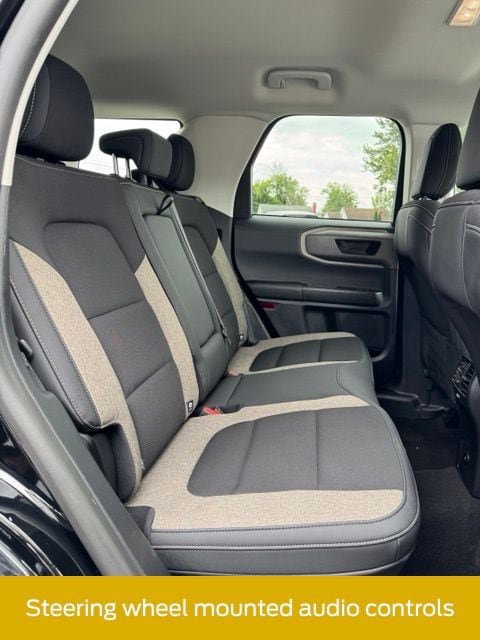 Certified 2025 Ford Bronco Sport Big Bend AWD/4WD image 26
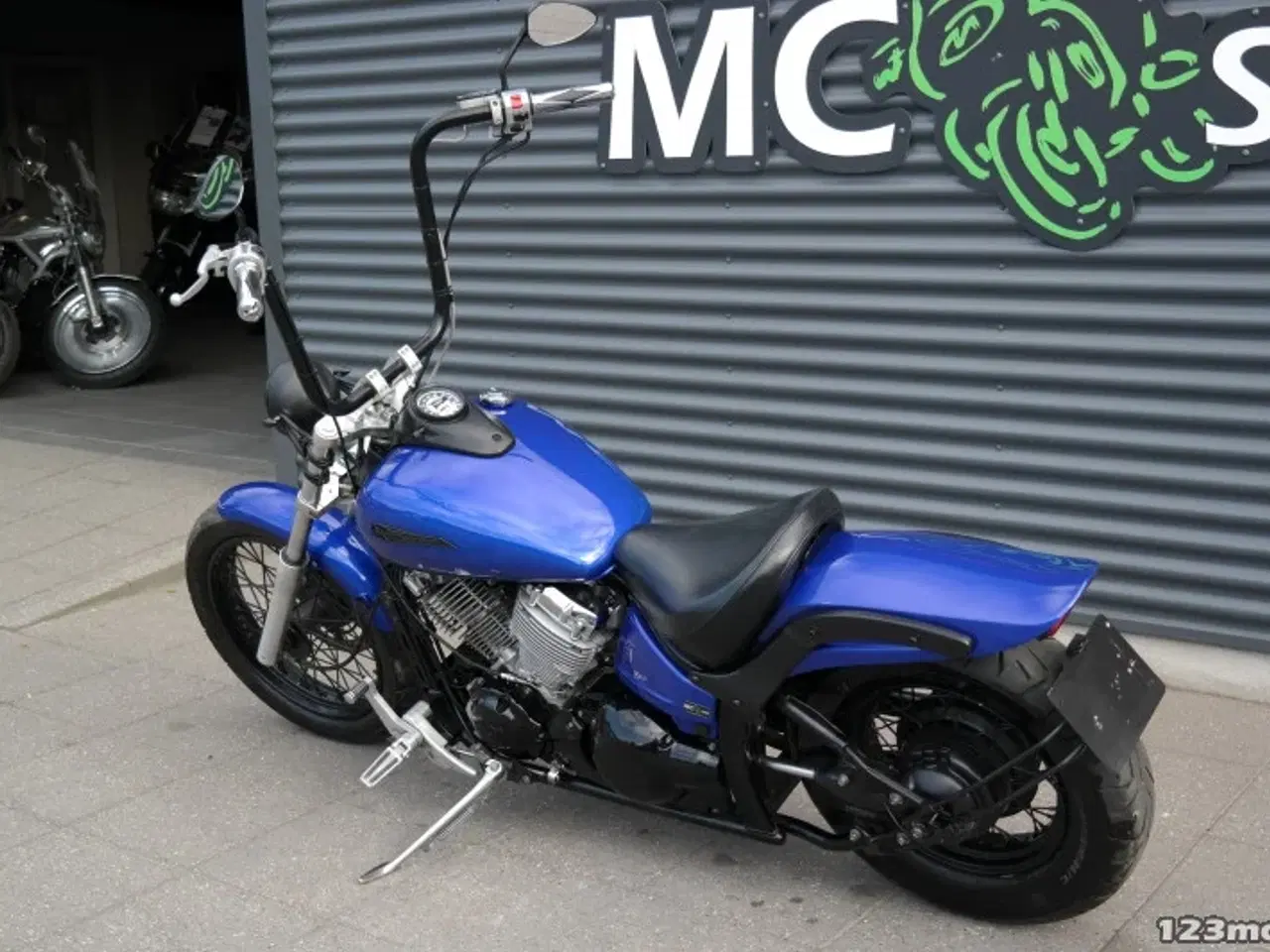 Billede 17 - Yamaha XVS 650 Drag Star MC-SYD       BYTTER GERNE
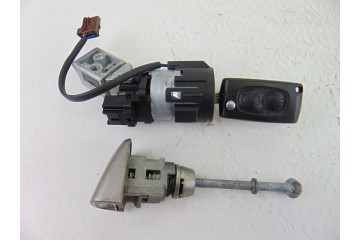 Antirrobo / llave contacto, Peugeot 3008 Confort 2009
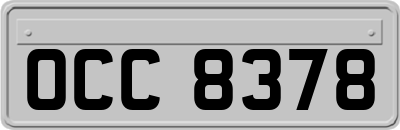 OCC8378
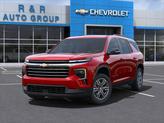 Thumbnail of 2025 Radiant Red Tintcoat Chevrolet Traverse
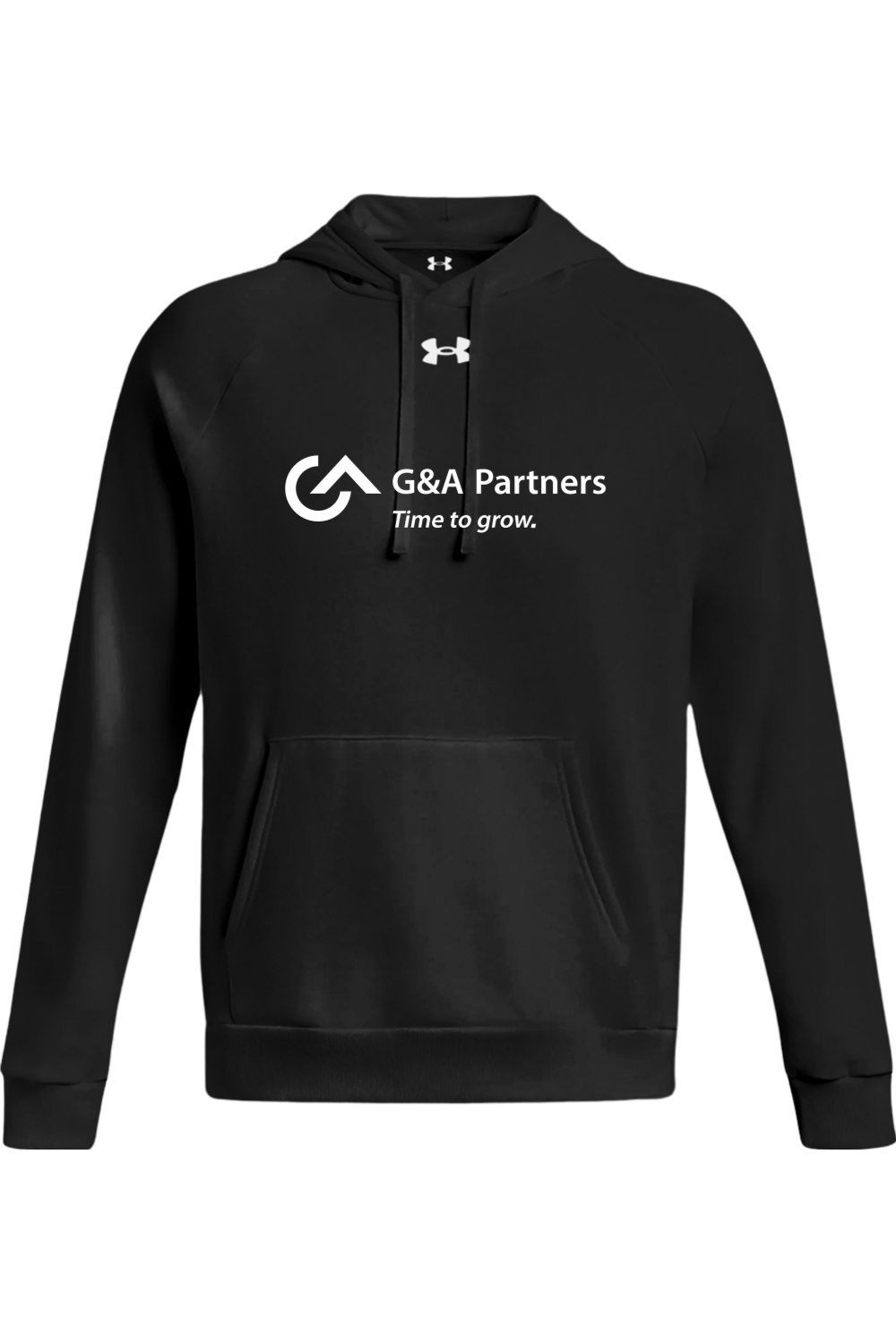 G&A Partners Men's Under Armour Men's Rival Fleece Hooded Sweatshirt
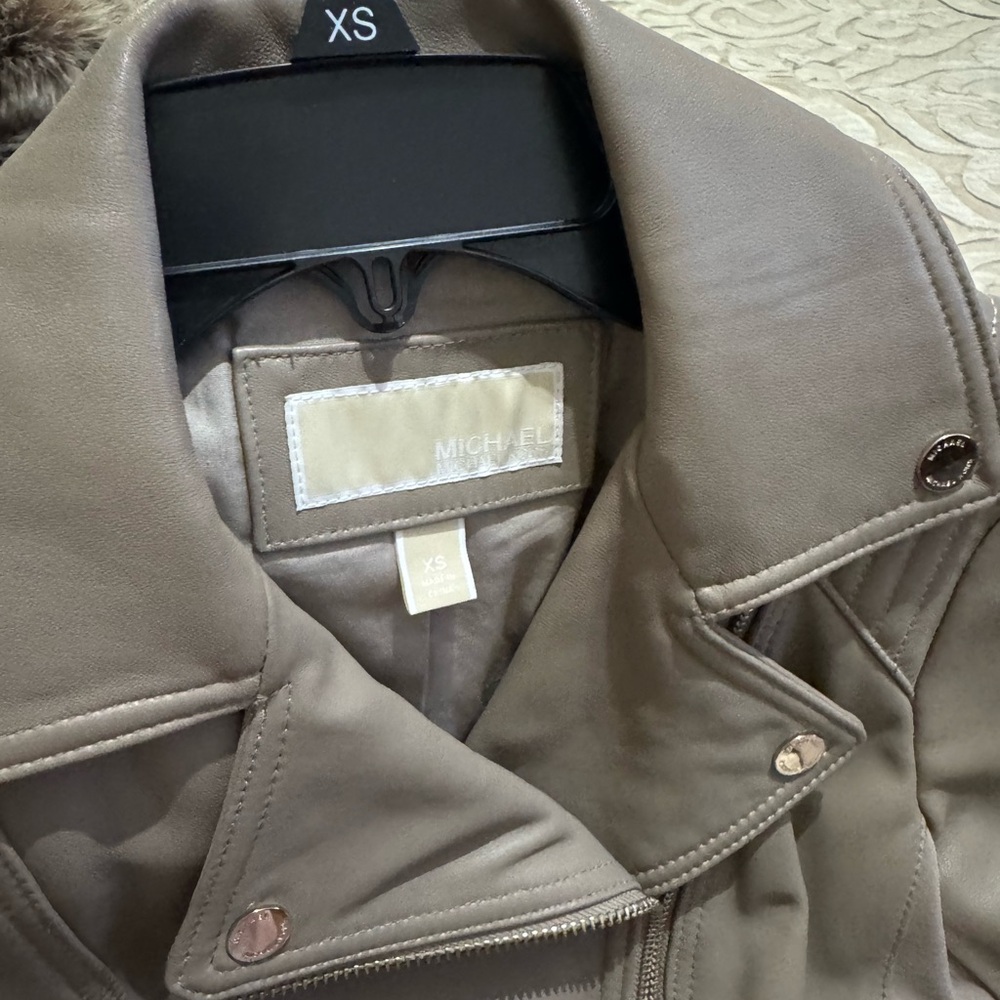 Lather jacket - Picture 3 of 4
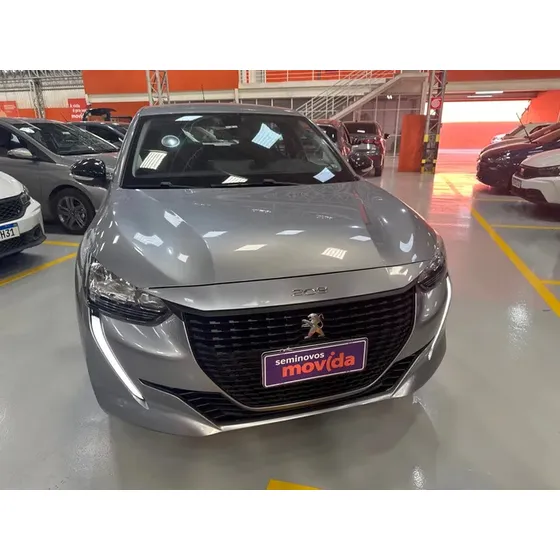 Peugeot 208 Active 1.6 (flex) (aut)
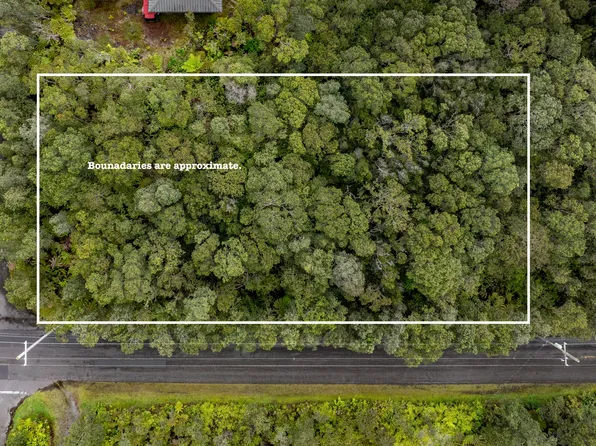3rd St Lot 319, Volcano, HI 96785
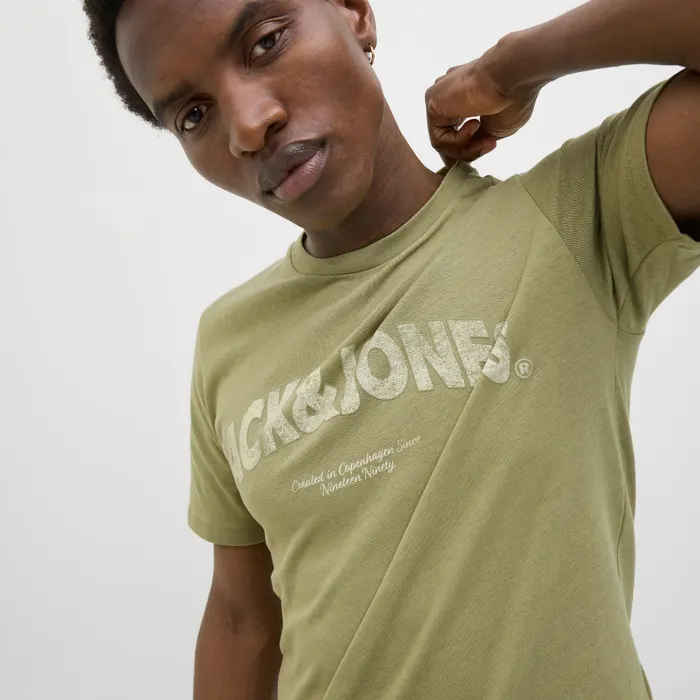 Jack & Jones Almeria Branding Shirt Heren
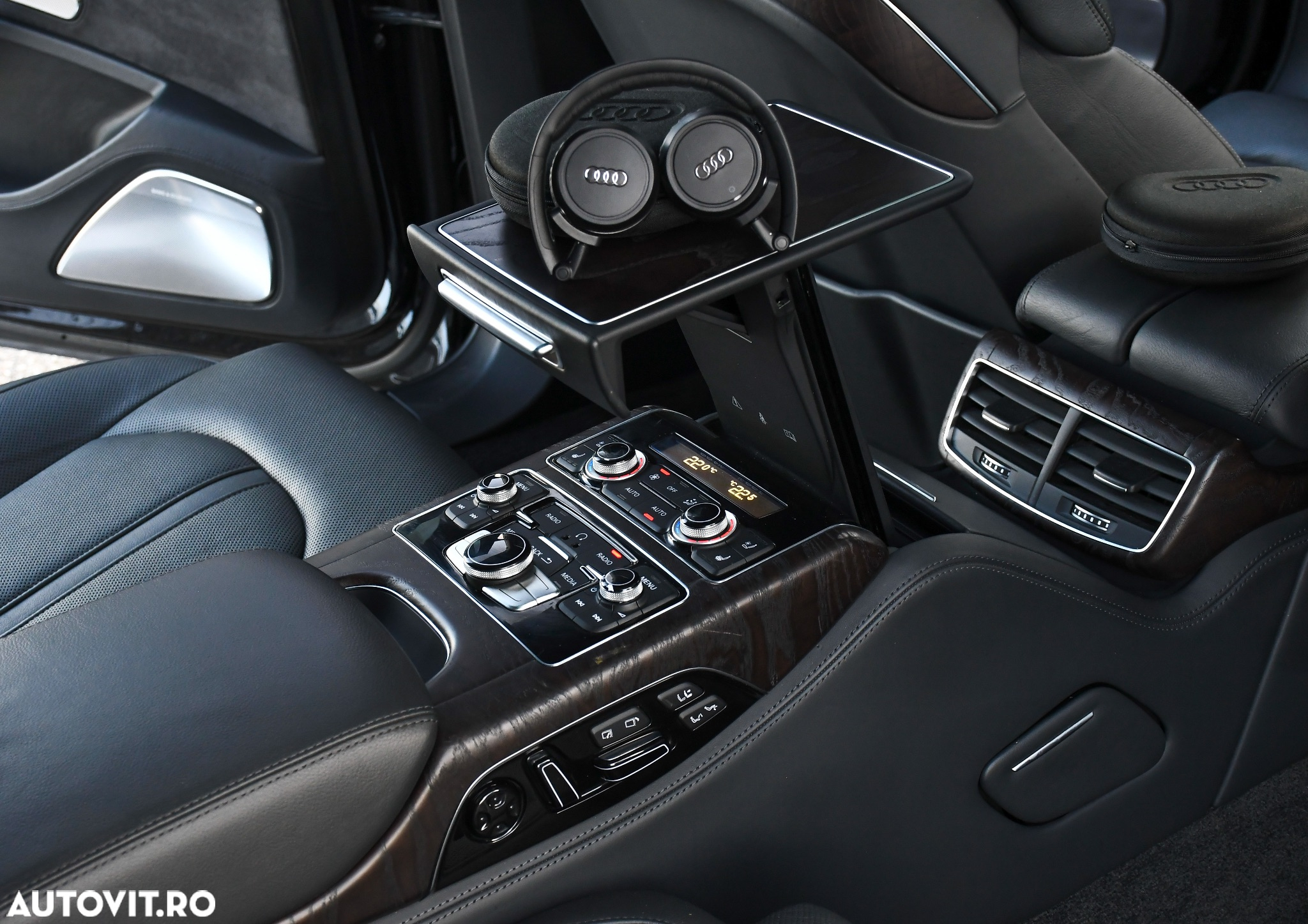 Audi A8 3.0 TDI DPF clean diesel quattro tiptronic Lang - 25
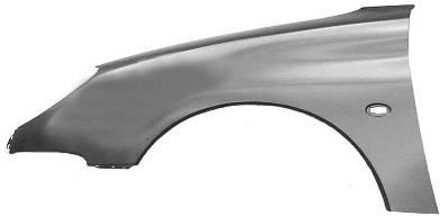 Peugeot VOORSPATBORD LINKS niet VOOR CC, GT, S16 & XS 4028655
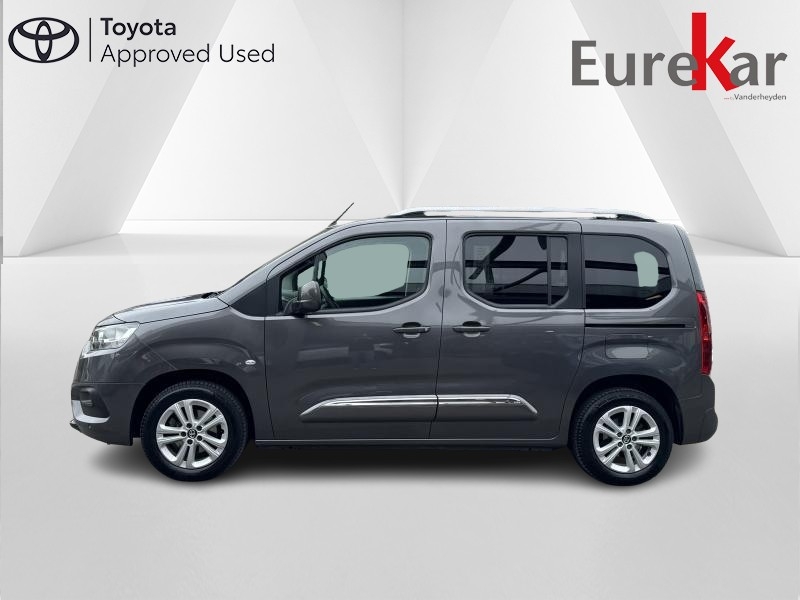 Toyota ProAce City Verso 1.2i Shuttle - photo 4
========================
# [WORK ITEM]
If a record holds a picture, drop the picture and reproduce everything else exactly.

# [TASK RESULT]
 Certified 2025 Ford Bronco Sport Big Bend AWD/4WD image 26
 Billede 17 - Yamaha XVS 650 Drag Star MC-SYD       BYTTER GERNE
 Antirrobo / llave contacto, Peugeot 3008 Confort 2009
 OCC8378
 Thumbnail of 2025 Radiant Red Tintcoat Chevrolet Traverse
 G&A Partners Men's Under Armour Men's Rival Fleece Hooded Sweatshirt
 Lather jacket - Picture 3 of 4
 Peugeot 208 Active 1.6 (flex) (aut)
3rd St Lot 319, Volcano, HI 96785
 Jack & Jones Almeria Branding Shirt Heren
 Audi A8 3.0 TDI DPF clean diesel quattro tiptronic Lang - 25
 Peugeot VOORSPATBORD LINKS niet VOOR CC, GT, S16 & XS 4028655
 Toyota ProAce City Verso 1.2i Shuttle - photo 4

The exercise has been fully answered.